First, a note: The dam is probably broken on my acceptances as I just signed a contract for one poem (though it may not be promising) and found out the Twitter-zine 7x20 is going to put up two of my pieces next month. I will keep you guys updated! *I only need 12 more rejections for the year.
I can't believe some magazines still demand no simultaneous submissions. It may not be the easiest thing to keep track of when someone withdraws his/her submission, but does leave the editor with less to read.
Many magazines with the "no sim-sub rule" have horrid turn-around times. A writer is often left waiting for months while the odds of the piece being accepted are slim. This, I believe, has to be extremely frustrating for short-fiction writers as they don't have fifty or more stories to send to different places.

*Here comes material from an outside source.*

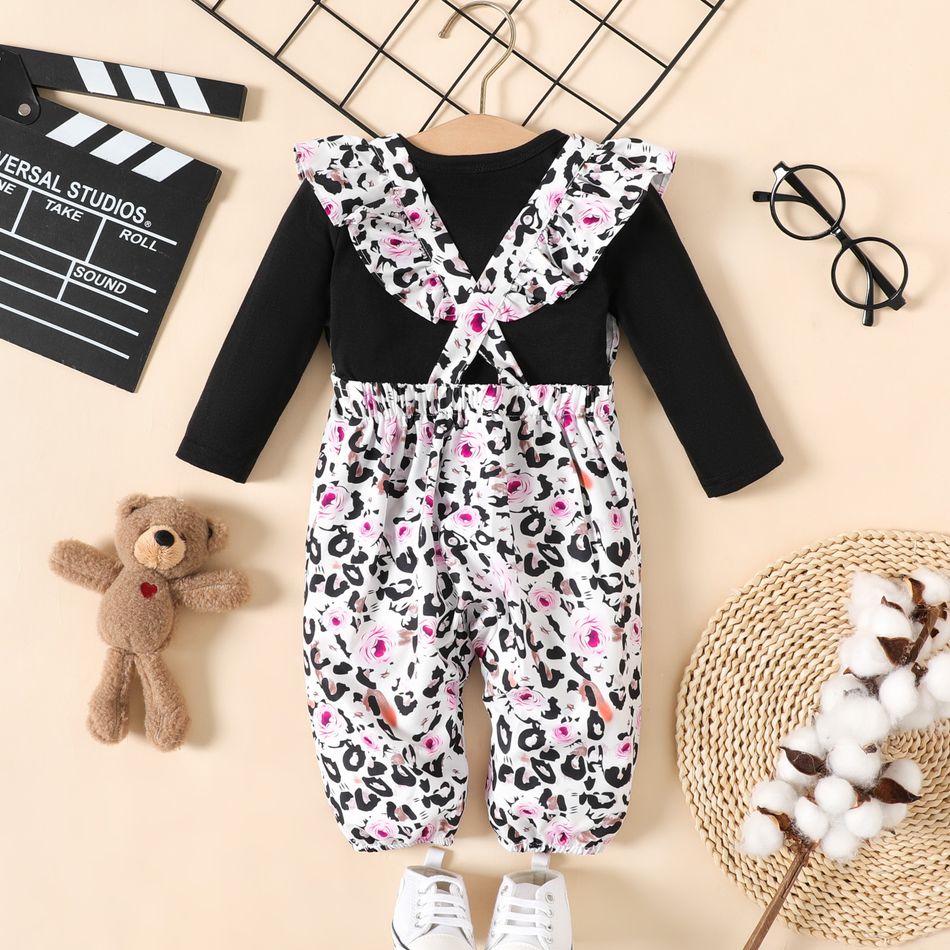 2pcs Baby Girl Solid Long-sleeve Tee and Bear Pattern Leopard & Floral Print Ruffle Trim Overalls Set Black big image 2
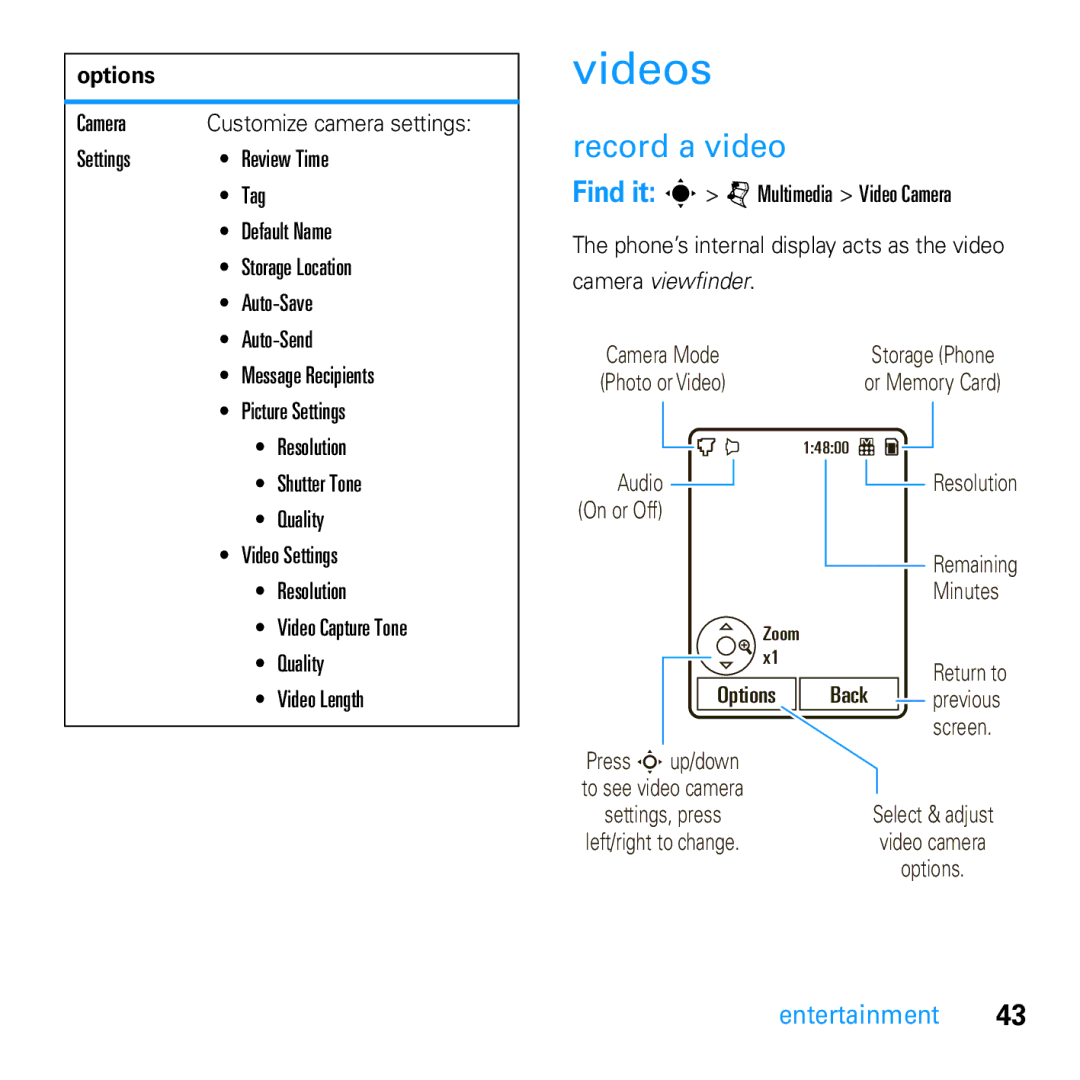 Motorola U9 manual Videos, Record a video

Writers tend to sim-sub anyway as a piece being accepted multiple places is even more rare than the first acceptance. When authors withdraw submissions from places that don't allow sim-subbing, the editors tend to send nasty correspondence or a rejection letter months later. Do they really need to reject someone who withdrew his/her stuff? Shouldn't they be happy for the person? Surely editors remember what it is like to be just a mere, mortal writer. And, these people can take the time to chew someone out but not write a personal comment on somebody's submission because they're just "too busy". Yeah, OK...
I understand these places want first crack at something brilliant but, remember, they also know over 95% of what is sent to to them isn't even going to get by the first slush reader. With those odds, it doesn't seem practical to hold up the process.
These are just my thoughts. On Thursday, I will post what I think should be done if a magazine DEMANDS no sim-subs.
When you submit, do you follow the no sim-subbing rule? What do you think about magazines/publishers that demand exclusivity (if not in a book contract)?